- PROBLEM TO SOLVE: What needs transcribing is the line with "Lauta House |" and every line after it to the end of the records, exactly and alone, with no pictures.

____ RECORDED DATA

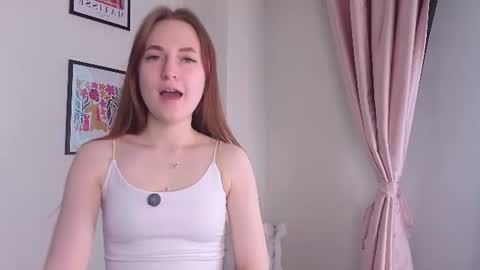 Sarah online show from 06-25-26, 01:38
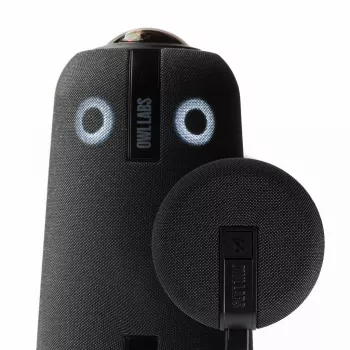 Owl Labs Meeting Owl 4+ en Expansion Mic voor Meeting Owl 4+ - breid het audiobereik in grotere ruimtes uit met 8 voet (2,5 meter) in de richting van de microfoon.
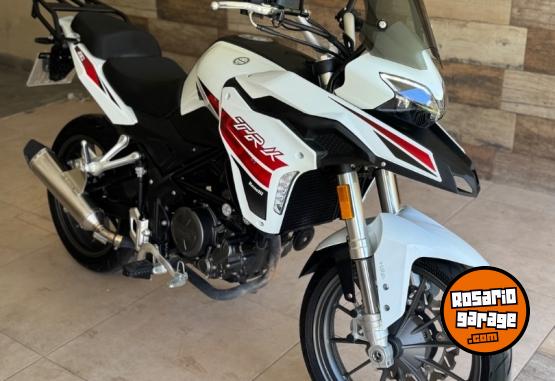 Motos - Benelli TRK251 2024 Nafta 4900Km - En Venta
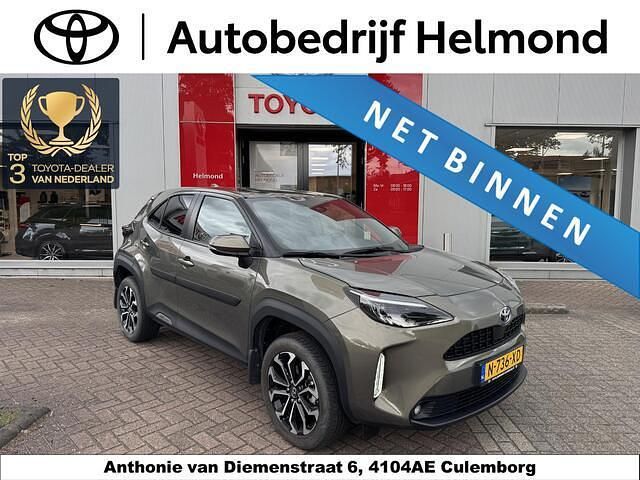Groen, metallic lak Gebruikt 2022 Toyota Yaris Cross Edition SUV | € 26.900 (Eerlijke prijs) - Afbeelding 1/4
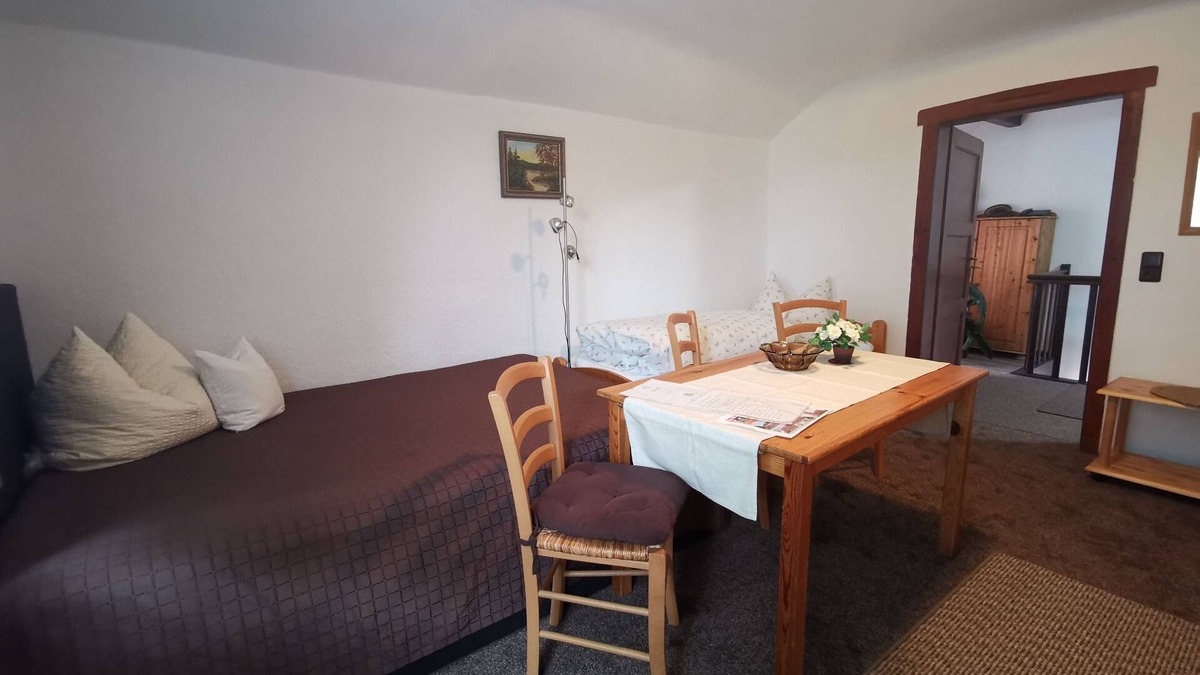 Lauta House | Multi-bed room - Ferienhof Sarodnick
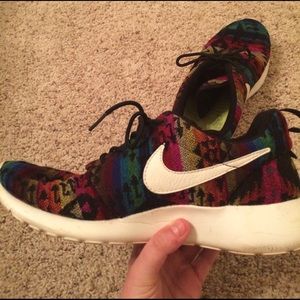 Nike Roshe Tennis Shoes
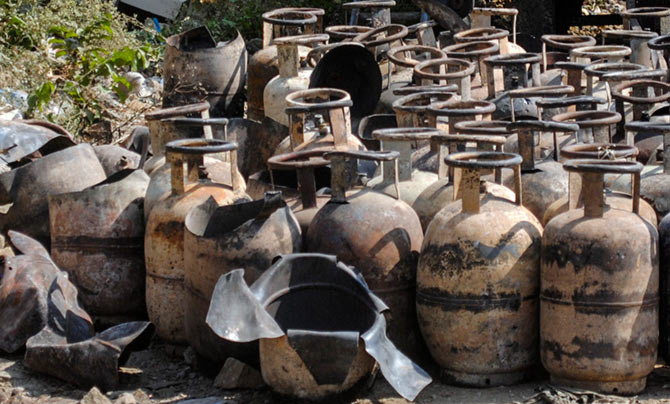 kandivali Fire Relief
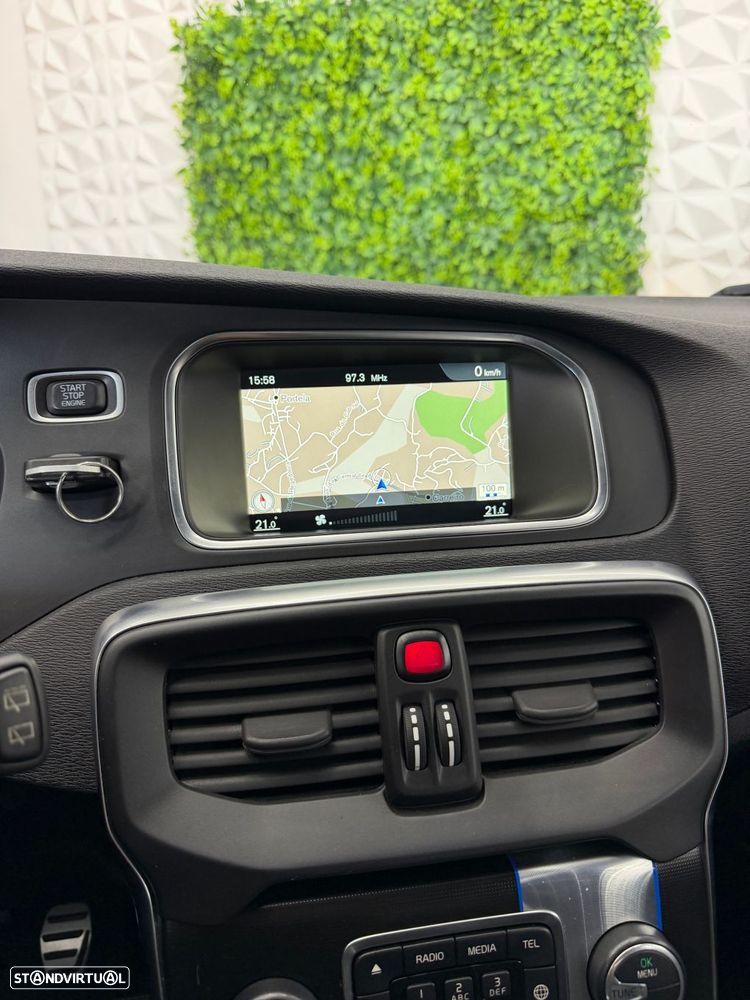 Volvo V40 2.0 D2 R-Design - 8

________

- ANSWER FOR THIS EXERCISE:
 Lauta House | Multi-bed room - Ferienhof Sarodnick
 Nike Roshe Tennis Shoes
 kandivali Fire Relief
 Volvo V40 2.0 D2 R-Design - 8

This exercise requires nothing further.